As a kid in Regent Park, I was headed for a life of gangs or drugs or worse. My Big Brother saved me
Now I’m in my third year studying neuroscience at U of T
I grew up in Regent Park in the 2000s. My dad left before I was born, so it was just my mom and I. She worked long hours as a nurse, and I was alone a lot. We bounced around between apartment complexes, living wherever we could afford. Some of my earliest memories are of Blevins Place, one of Regent Park’s original high-rises. The building had its own daycare and it was close to my school, but there was garbage in the lobby and a notice above the communal washing machines warning that you might get bedbugs if you used them.
At the time, Regent Park was still a rough area. I knew 11- and 12-year-olds who were already selling drugs. Gunshots woke me up in the night; I’d go back to sleep as if they were nothing. I’d walk to elementary school past people who were shooting up or suffering from mental illness, ranting at the sky or talking to plastic baby dolls. A homeless man’s Rottweiler once bolted from his leash and chased me until my mom threw herself on top of it and held it down. All this seemed normal to me because I didn’t know anything different. And yet I always felt like something bad could happen at any moment.
I was a rambunctious kid, which is a nice way of saying I broke things, talked back to my teachers and got into fights constantly. At six years old, I was in the principal’s office every day. I was falling behind and disrupting the class, so the school put me in special learning programs. My mom tried her best with me, but she was exhausted and frustrated. We were fighting all the time, and I felt like she didn’t want me around.
At the principal’s suggestion, she signed me up for the Big Brothers Big Sisters program, which pairs adult mentors with kids who need them. That’s how I met Pat McNamara, a straight-laced accountant in his 40s who lived south of Regent Park. He volunteered to be my Big Brother. In the early days, I was scared and jumpy around him and rarely smiled or cracked jokes, but Pat kept showing up, bringing Lego or playing cards. I figured he must be all right.

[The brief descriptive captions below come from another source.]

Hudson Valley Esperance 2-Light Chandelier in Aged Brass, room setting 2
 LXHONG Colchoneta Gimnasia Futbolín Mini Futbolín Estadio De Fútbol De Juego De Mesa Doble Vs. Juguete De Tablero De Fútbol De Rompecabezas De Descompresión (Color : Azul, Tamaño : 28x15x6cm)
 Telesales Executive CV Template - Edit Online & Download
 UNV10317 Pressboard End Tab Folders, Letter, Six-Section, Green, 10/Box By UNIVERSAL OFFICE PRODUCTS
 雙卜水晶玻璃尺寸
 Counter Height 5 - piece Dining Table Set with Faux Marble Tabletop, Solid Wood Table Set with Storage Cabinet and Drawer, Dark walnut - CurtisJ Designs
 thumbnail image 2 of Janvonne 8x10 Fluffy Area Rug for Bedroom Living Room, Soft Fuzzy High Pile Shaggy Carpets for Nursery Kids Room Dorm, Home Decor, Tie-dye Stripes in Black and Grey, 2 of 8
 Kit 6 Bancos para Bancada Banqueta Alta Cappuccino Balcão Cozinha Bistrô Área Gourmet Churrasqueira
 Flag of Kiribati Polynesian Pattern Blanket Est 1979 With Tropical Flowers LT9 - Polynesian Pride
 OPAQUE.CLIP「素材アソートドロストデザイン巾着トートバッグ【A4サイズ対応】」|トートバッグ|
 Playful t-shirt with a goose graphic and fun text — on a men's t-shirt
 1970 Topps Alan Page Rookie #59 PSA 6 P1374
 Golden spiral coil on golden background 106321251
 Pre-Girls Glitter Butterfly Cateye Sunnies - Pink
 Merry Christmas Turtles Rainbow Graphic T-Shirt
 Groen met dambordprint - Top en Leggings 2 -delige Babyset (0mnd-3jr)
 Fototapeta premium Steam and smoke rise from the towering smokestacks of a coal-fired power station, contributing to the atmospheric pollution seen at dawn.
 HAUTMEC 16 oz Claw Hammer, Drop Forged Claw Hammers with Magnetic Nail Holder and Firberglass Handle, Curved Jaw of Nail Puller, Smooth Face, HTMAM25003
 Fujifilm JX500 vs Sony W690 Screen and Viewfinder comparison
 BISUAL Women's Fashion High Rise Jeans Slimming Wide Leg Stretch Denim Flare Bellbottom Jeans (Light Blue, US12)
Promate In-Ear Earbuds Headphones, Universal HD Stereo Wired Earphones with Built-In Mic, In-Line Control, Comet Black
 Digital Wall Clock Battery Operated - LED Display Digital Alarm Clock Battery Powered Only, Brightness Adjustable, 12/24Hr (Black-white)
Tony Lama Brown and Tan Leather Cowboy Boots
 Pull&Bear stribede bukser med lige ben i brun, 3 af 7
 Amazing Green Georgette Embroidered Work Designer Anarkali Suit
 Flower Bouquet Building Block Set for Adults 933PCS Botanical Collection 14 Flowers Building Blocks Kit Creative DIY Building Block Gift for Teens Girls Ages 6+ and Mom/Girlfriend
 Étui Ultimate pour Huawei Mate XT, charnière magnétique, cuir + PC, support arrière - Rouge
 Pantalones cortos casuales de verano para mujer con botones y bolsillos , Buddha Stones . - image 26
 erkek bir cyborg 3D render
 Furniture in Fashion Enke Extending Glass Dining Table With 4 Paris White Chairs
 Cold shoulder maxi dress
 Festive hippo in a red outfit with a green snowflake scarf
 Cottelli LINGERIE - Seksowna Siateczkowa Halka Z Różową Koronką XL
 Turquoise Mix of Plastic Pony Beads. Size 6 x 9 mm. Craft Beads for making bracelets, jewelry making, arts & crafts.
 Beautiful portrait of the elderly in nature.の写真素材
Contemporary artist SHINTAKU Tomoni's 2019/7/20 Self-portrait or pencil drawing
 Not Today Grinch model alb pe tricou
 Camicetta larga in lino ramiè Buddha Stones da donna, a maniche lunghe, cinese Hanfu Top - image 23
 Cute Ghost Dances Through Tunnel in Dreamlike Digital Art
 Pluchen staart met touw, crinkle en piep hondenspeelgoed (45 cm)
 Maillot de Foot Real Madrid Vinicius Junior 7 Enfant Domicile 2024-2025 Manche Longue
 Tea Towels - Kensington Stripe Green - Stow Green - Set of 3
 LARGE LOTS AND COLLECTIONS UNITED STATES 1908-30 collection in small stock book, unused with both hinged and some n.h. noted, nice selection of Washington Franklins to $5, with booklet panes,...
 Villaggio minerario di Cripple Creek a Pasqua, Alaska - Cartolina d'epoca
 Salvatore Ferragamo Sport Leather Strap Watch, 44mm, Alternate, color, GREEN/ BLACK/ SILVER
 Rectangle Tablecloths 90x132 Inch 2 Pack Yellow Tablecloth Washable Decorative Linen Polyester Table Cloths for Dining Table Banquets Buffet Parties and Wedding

When I was 10, my mom and I moved out of Regent Park to a safer neighbourhood in North York. I lost touch with Pat, and I didn’t expect to see him again. Then, one day, a letter showed up. He’d tracked me down through Big Brothers and wanted to start our visits again. I couldn’t believe he’d made the effort to find me. That’s when I knew he would be a permanent presence in my life.
Pat became a surrogate father to me. I saw my first Leafs game with him, and he bought me a pair of skates and a stick and taught me to play hockey. The rink where we played was in Regent Park, and when we arrived, I realized Blevins Place was only a two-minute walk away. In all my years of growing up there, I didn’t even know there was a rink. That’s how small my world had been.
Pat was my greatest defender, helping me communicate with teachers and my mom. He was generous and funny and a genius-level geek who could rattle off a physics formula while helping me with homework. He used to say, “Always know a little bit about everything,” and it’s because of him that I became interested in science and music; he gave me a keyboard that I still use. I made it all the way to Grade 6 without learning to swim, then Pat encouraged me to try it. At the age of 12, I learned to dog-paddle alongside five- and six-year-olds. More than anything, I wanted to be as smart as Pat, and I turned into a focused and driven student. English had always been my best subject, and by Grade 6, I was reading at a Grade 12 level. In Grade 11, I took a first-year sociology class at the University of Toronto.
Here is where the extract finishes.